Differential effects of traxoprodil and S-ketamine on quantitative EEG and auditory event-related potentials as translational biomarkers in preclinical trials in rats and mice.

Quantitative Electroencephalography (qEEG) and event-related potential (ERP) assessment have emerged as powerful tools to unravel translational biomarkers in preclinical and clinical psychiatric drug discovery trials. The aim of the present study was to compare the GluN2B negative allosteric modulator (NAM) traxoprodil (CP-101,606) with the unselective NMDA receptor channel blocker S-ketamine to give insight into central target engagement and differentiation on multiple EEG readouts. For qEEG recordings telemetric transmitters were implanted in male Wistar rats. Recorded EEG data were analyzed using fast Fourier transformation to determine power spectra and vigilance states. Additionally, body temperature and locomotor activity were assessed via telemetry. For recordings of auditory event-related potentials (AERP) male C57Bl/6J mice were chronically implanted with deep electrodes using a tethered system. Power spectral analysis revealed a significant increase in gamma power following ketamine treatment, whereas traxoprodil (6&18 mg/kg) induced an overall decrease primarily within alpha and beta bands. Additionally, ketamine disrupted sleep and enhanced time spent in wake vigilance states, whereas traxoprodil did not alter sleep-wake architecture. AERP and mismatch negativity (MMN) revealed that ketamine (10 mg/kg) selectively disrupts auditory deviance detection, whereas traxoprodil (6 mg/kg) did not alter MMN at clinically relevant doses.
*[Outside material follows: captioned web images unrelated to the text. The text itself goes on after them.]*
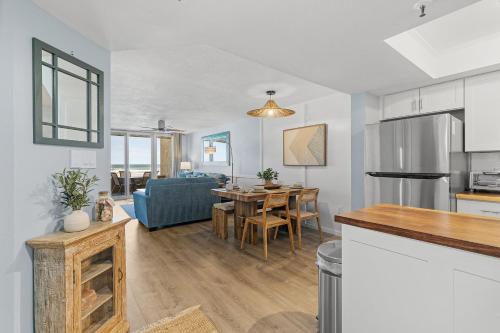 Oceanfront Condo at Oceania Beach Club - Pool, Balcony, Sleeps 4, Walk to Flagler Ave! in New Smyrna Beach, USA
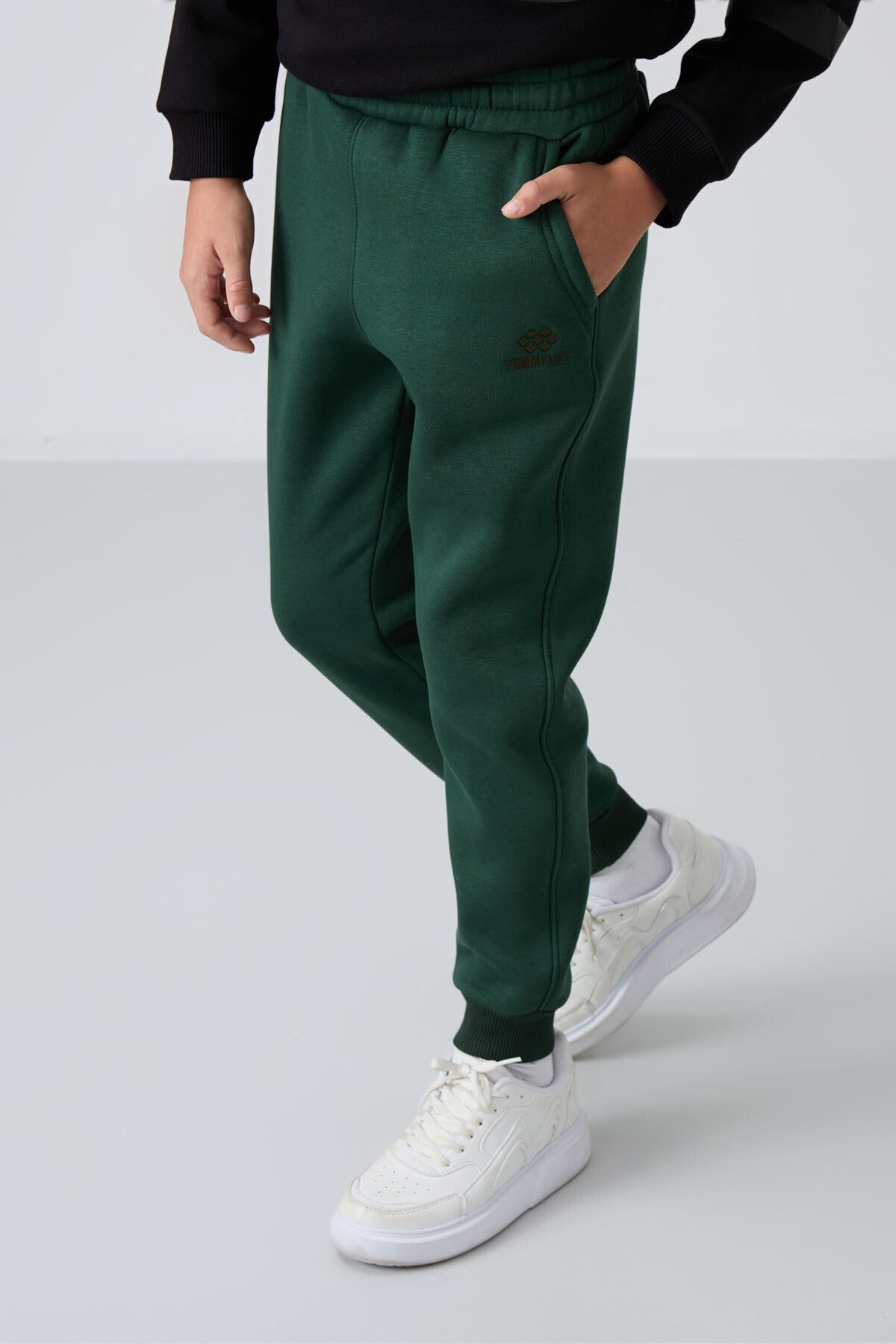 Forest Green Cotton Thick Fleece-Lined Soft Texture Standard Fit Embroidered Boys' Tracksuit Bottom - 11224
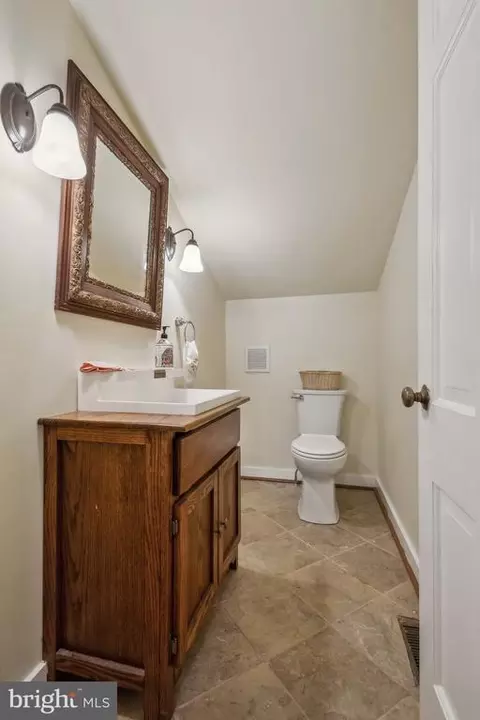7054 Wilson Rd, Warrenton, VA 20186 photo 63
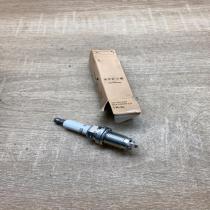 101905620   Spark plug Volkswagen Touran I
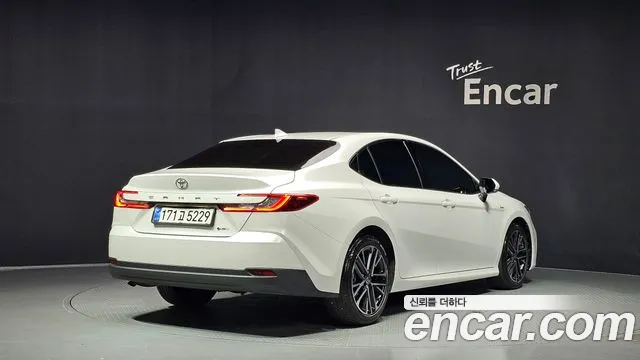 Toyota Camry XV80 — Фото автомобиля 2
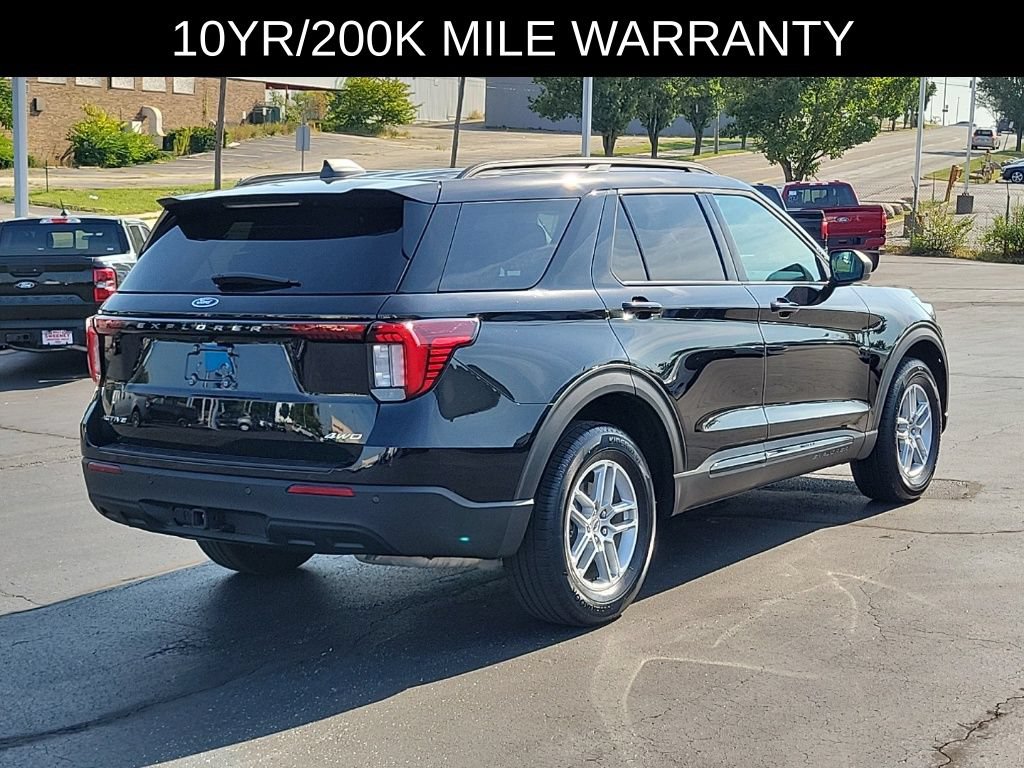 Used 2026 Ford Explorer Active AWD/4WD image 4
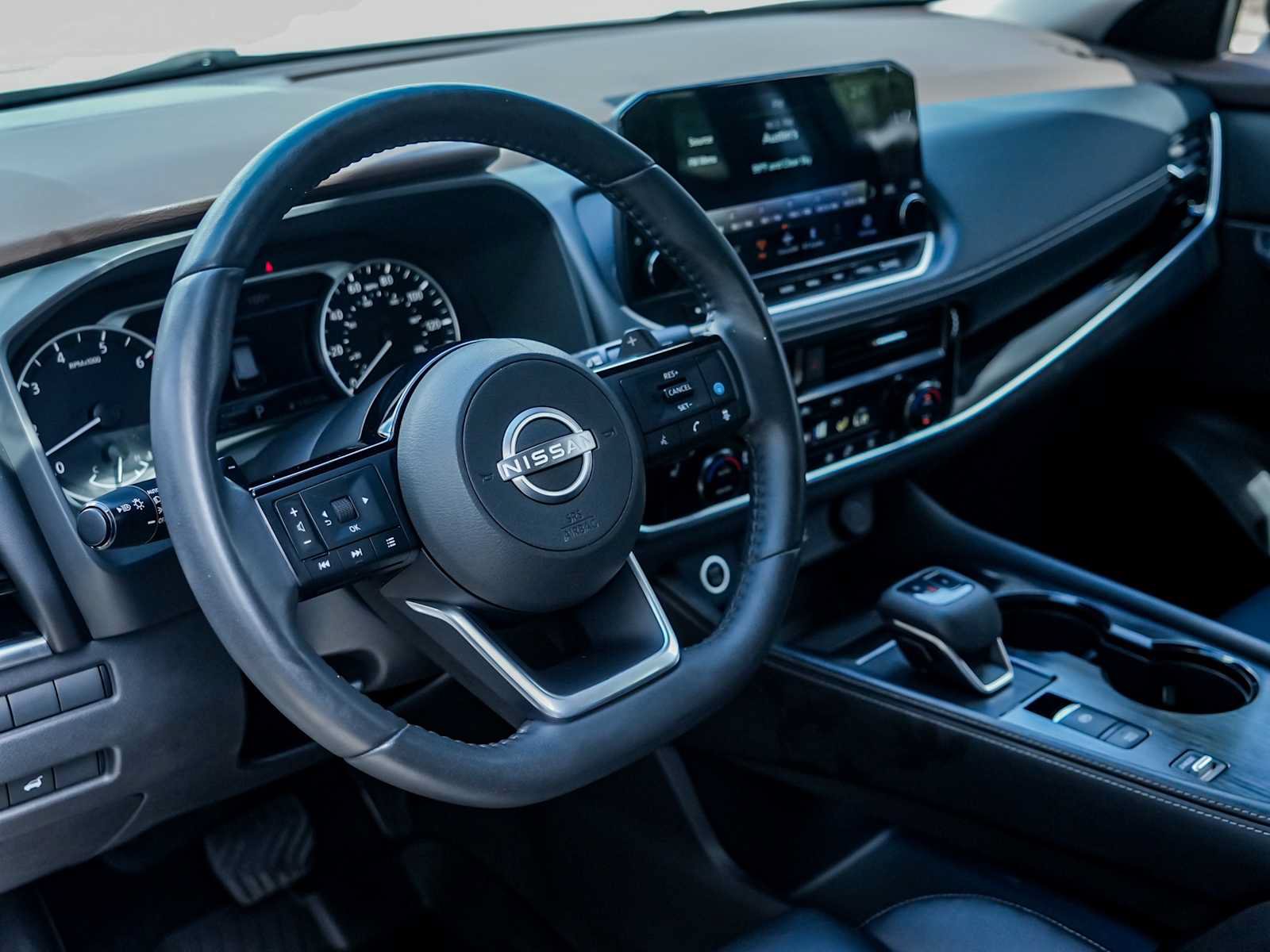 Used 2023 Nissan Rogue SL w/ SL Premium Package FWD image 8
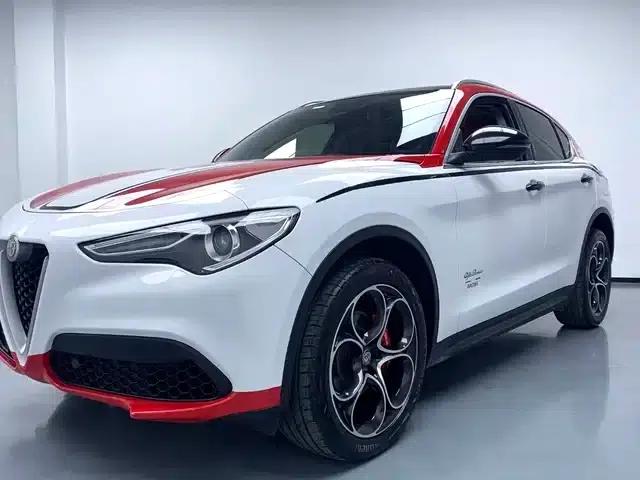 2021 Stelvio 2.0T 280HP Luxury Edition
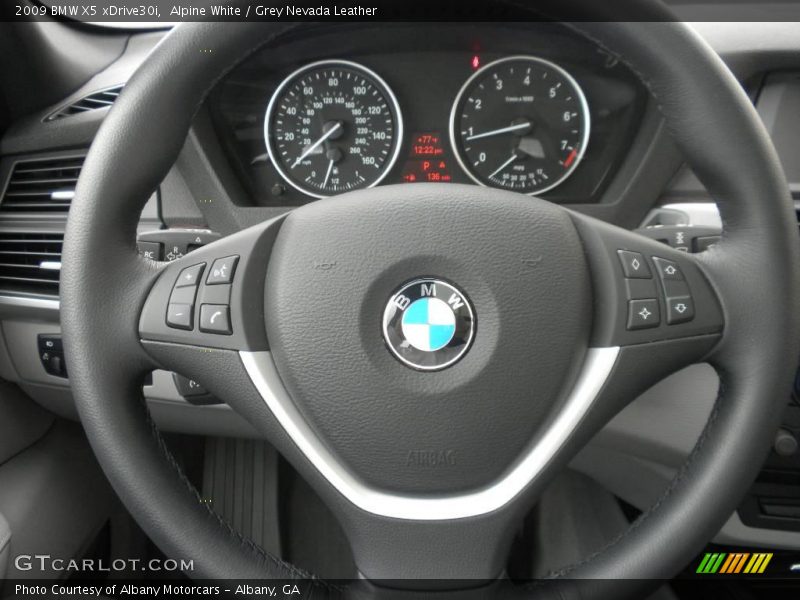 Alpine White / Grey Nevada Leather 2009 BMW X5 xDrive30i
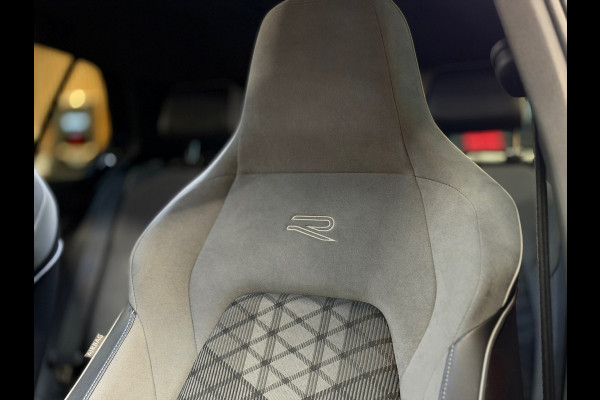 Volkswagen Golf 1.5 eTSI 3X R-Line PANO|HARMAN KARDON|IQ LIGHTS|KEYLESS|DEALER ONDERHOUDEN|NIGHTPAKKET|SFEERVERLICHTING|2024|VOL!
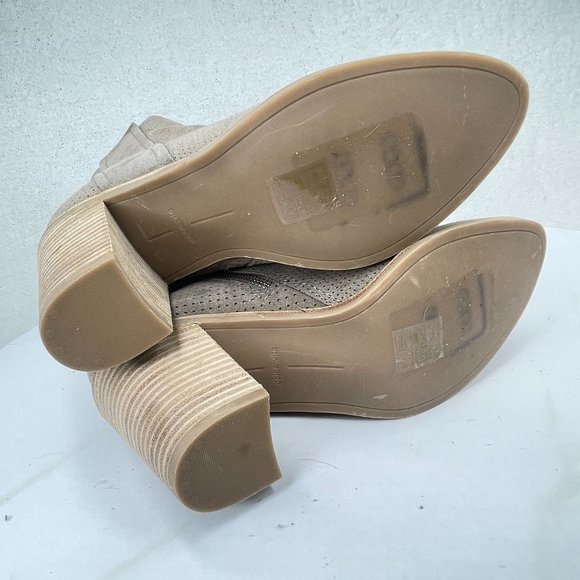 NWT DOLCE VITA Womens 10 Beige Perforated Ankle Boots Stacked Heels Side Zip Up - Picture 8 of 10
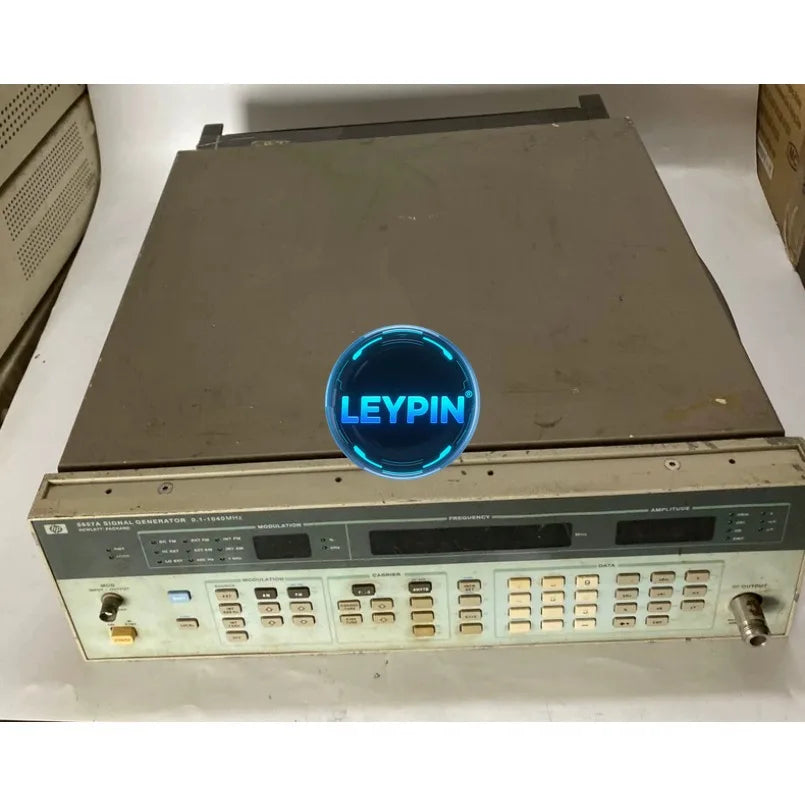 1pc HP Agilent 8657A Signal Generator 0.1-1040 MHz   lexso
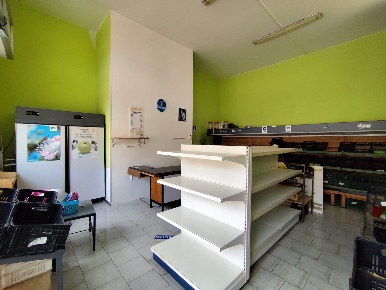 Foto Negozio a Terni Borgo Rivo di 50 m² con 1 locali in affitto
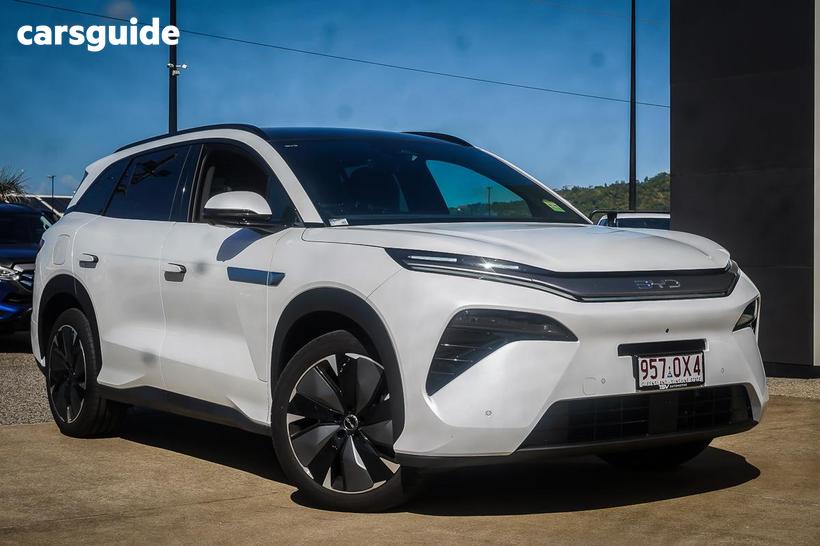 White 2025 BYD Sealion 8 SUV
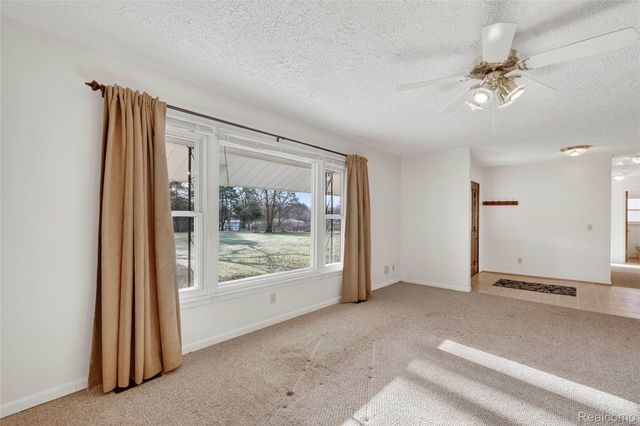 10960 Heather Lane, Hamburg Township, MI 48189
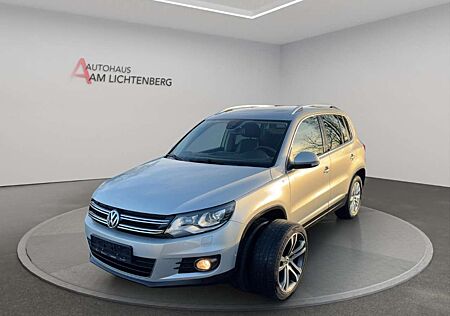 VW Tiguan Volkswagen 2.0 TDI Life 4Motion LED+AHK+NAVI+PANO+PDCv&h+KAME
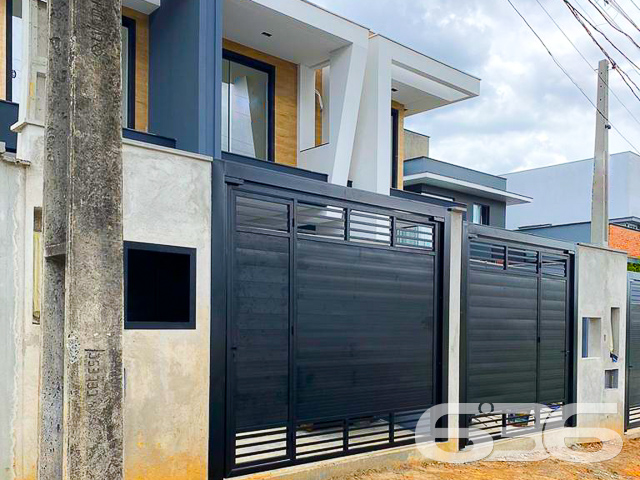 AMPLO SOBRADO COM SUÍTE + 2 QUARTOS NO BAIRRO FLORESTA
ESTUDA PERMUTA
Este é um sobrado de alto padrão com 138m² privativos e abertura de 4,25 metros, tendo cômodos e ambientes estilosos, amplos e confortáveis.
Além de seu design completamente moderno, sua composição dispõe de 3 dormitórios (sendo uma ótima suíte), 2 banheiros, sala de estar e sala de jantar, cozinha, área de serviço, sacada e vaga de garagem para 2 carros.
Possui espaço nos fundos para você utilizar como área de lazer ou de festas!
Está situado em excelente localização no bairro Floresta, próximo de todas as comodidades necessárias para o dia a dia.
Fale com um de nossos corretores e saiba mais sobre esse excelente imóvel.
Telefone: (47) 3451-0636
WhatsApp: (47) 99190-0636
Imobiliária 636.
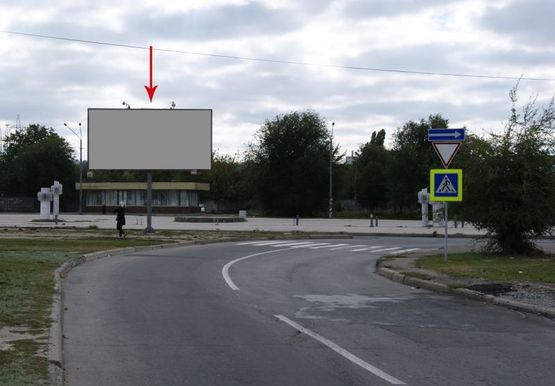 Фото рекламной плоскости по адресу 058А1,вул. Ю. Кондратюка (Комунарівська) - вул. В. Діївська (Бр. Трофімових), тупик станцій Метро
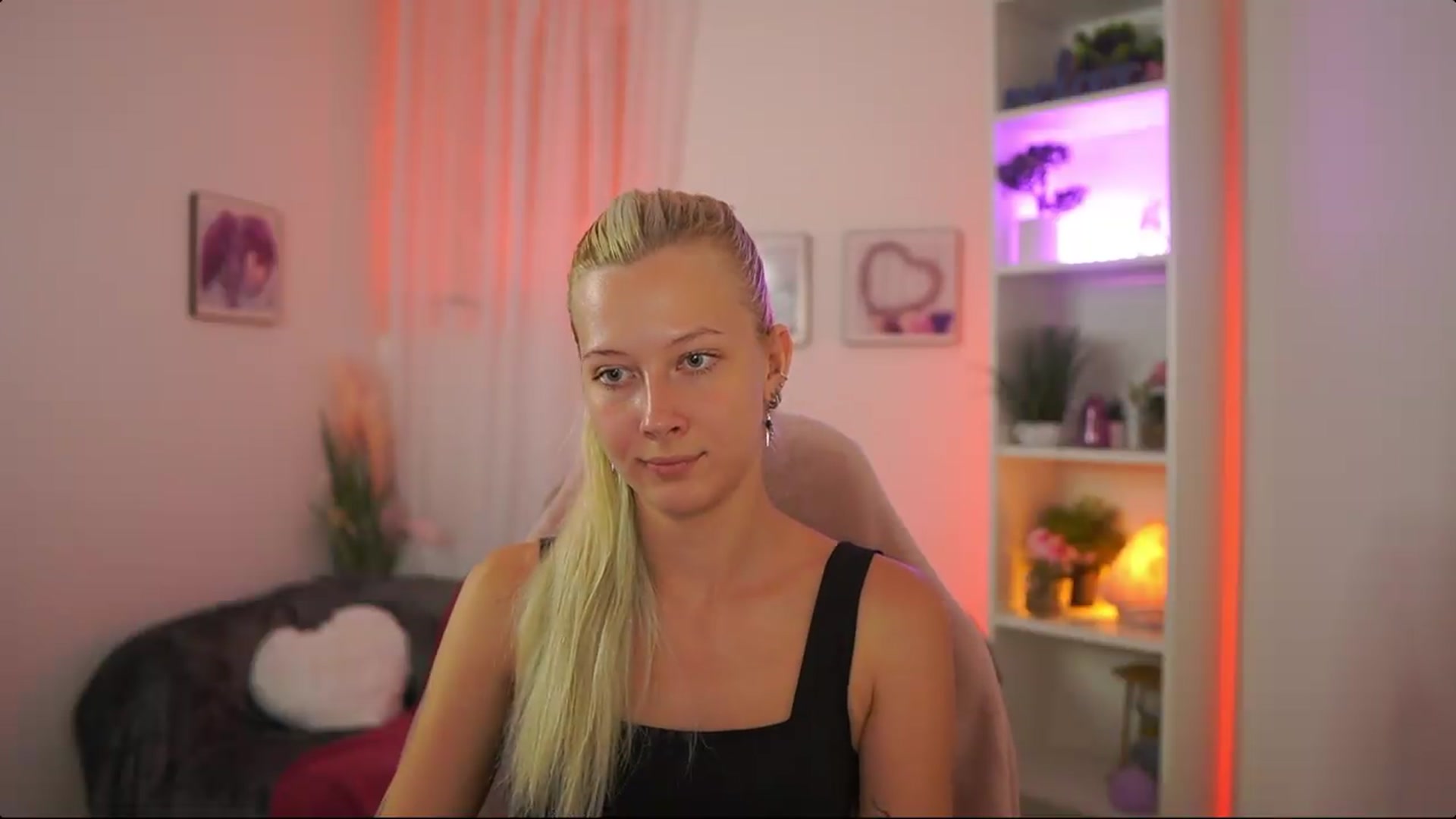 Gallery image thumbnail from EmilySwan's myfreecams stream on, 07/23/2026, 19:28 image 17 of 20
In contrast to ketamine treatment, traxoprodil did not produce hyperactivity and hypothermia. In conclusion, ketamine and traxoprodil showed very different effects on diverse EEG readouts differentiating selective GluN2B antagonism from non-selective pan-NMDA-R antagonists like ketamine. These readouts are thus perfectly suited to support drug discovery efforts on NMDA-R and understanding the different functions of NMDA-R subtypes.